Percentiles are crucial in data analysis to understand the distribution of values in a dataset. PostgreSQL provides several built-in ways to calculate percentiles efficiently.

What is a Percentile?

A percentile indicates the value below which a given percentage of observations fall. For example, the 90th percentile means 90% of the data is below this value.

Using percentile_cont and percentile_disc

PostgreSQL offers two primary functions:

  • percentile_cont: Returns a continuous percentile, interpolating between values if necessary.
  • percentile_disc: Returns a discrete percentile, selecting the closest actual value.

Example: Continuous Percentile

SELECT percentile_cont(0.9) WITHIN GROUP (ORDER BY salary) AS p90 FROM employees;

This returns the 90th percentile salary, interpolating between salaries if needed.

Example: Discrete Percentile

SELECT percentile_disc(0.9) WITHIN GROUP (ORDER BY salary) AS p90 FROM employees;

This returns the first salary value that reaches the 90th percentile.

Calculating Multiple Percentiles at Once

SELECT percentile_cont(ARRAY[0.25, 0.5, 0.75]) WITHIN GROUP (ORDER BY salary) AS quartiles FROM employees;

This returns the 25th, 50th (median), and 75th percentiles in a single query.

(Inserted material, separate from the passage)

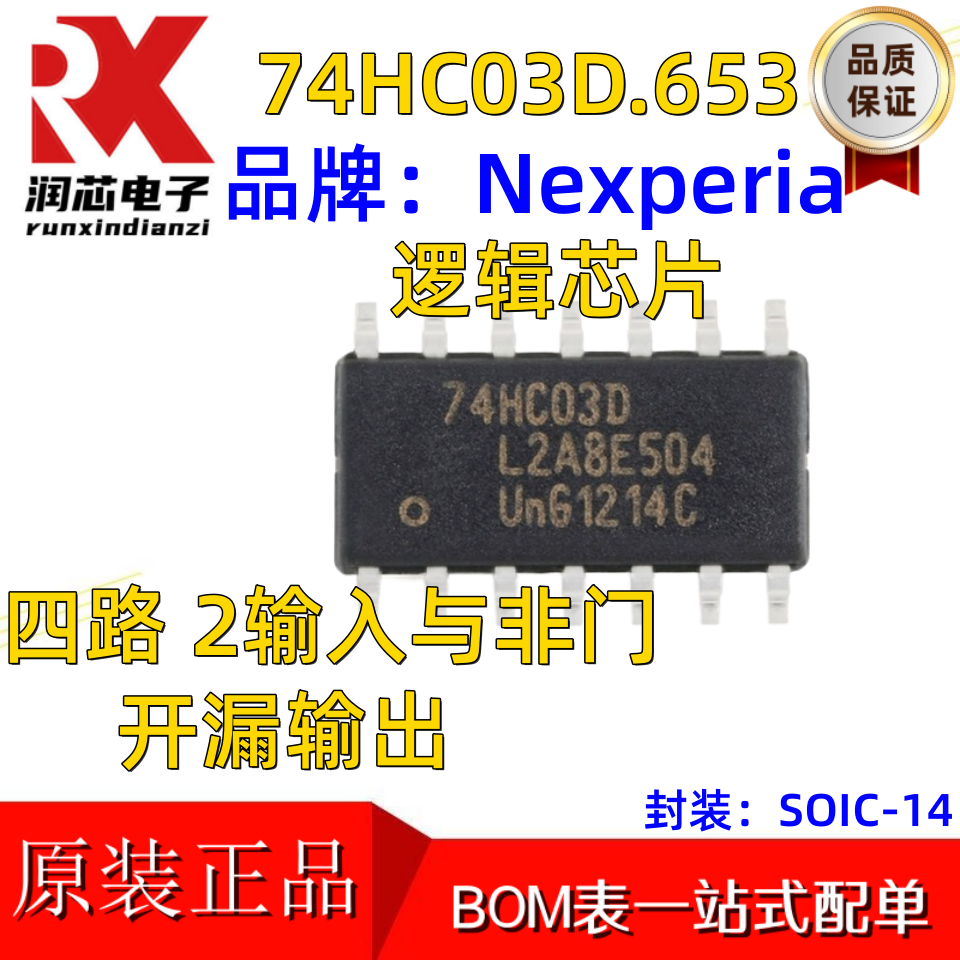 原装正品 74HC03D,653 SOIC-14 四2输入与非门 贴片逻辑芯片 电子元器件市场 逻辑器件 原图主图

Using Percentiles in Groups

SELECT department, 
       percentile_cont(0.9) WITHIN GROUP (ORDER BY salary) AS p90
FROM employees
GROUP BY department;

This calculates the 90th percentile salary per department.

Things to Keep in Mind

  • Percentile values range from 0 to 1 (not 0 to 100).
  • For performance, ensure you have indexes on the ORDER BY columns when working with large tables.
  • If you need a simpler estimate, you can approximate percentiles using NTILE or window functions.

Conclusion

PostgreSQL’s percentile functions are powerful tools for analyzing data distributions. With percentile_cont and percentile_disc, you can perform advanced statistical queries with ease. Incorporate these into your analytics workflows to gain deeper insights from your data.